Start of Provided material
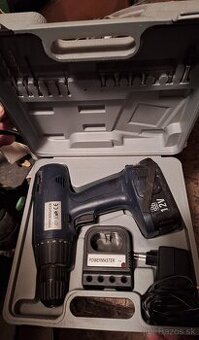 Aku vŕtačka POWERMASTER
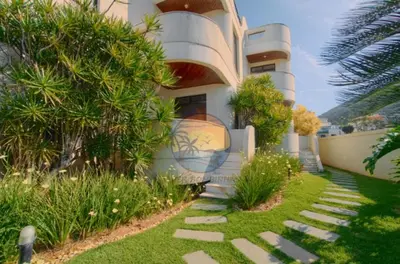 A planta de Triplex Beira Mar com piscina - Próximo a comércio em geral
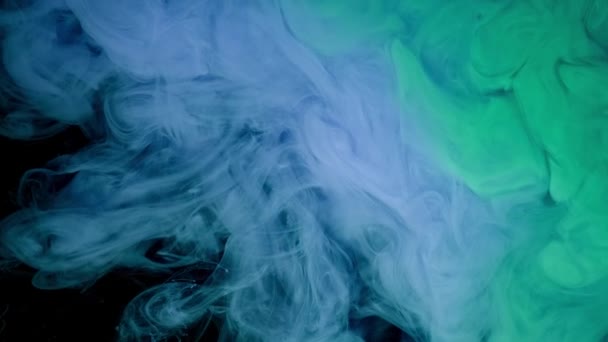 Kék és zöld festék csepp víz fekete háttér, elvont színkeverék, csepp festék esik a víz. — Stock videók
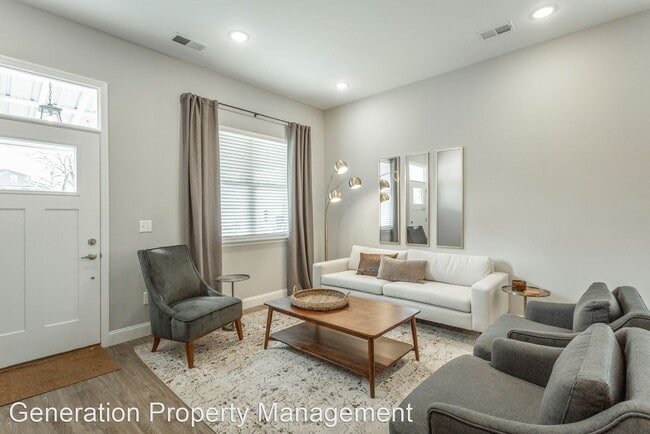 Building Photo - 4 br, 3.5 bath House - 591 Strong Avenue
End of Provided material
Assignment ▸ A word-for-word copy of the lines from the one with "A planta de" through the final line of the listing above is the whole answer, and it contains no pictures.

Output of the task ▸
 A planta de Triplex Beira Mar com piscina - Próximo a comércio em geral
 Kék és zöld festék csepp víz fekete háttér, elvont színkeverék, csepp festék esik a víz. — Stock videók
 Building Photo - 4 br, 3.5 bath House - 591 Strong Avenue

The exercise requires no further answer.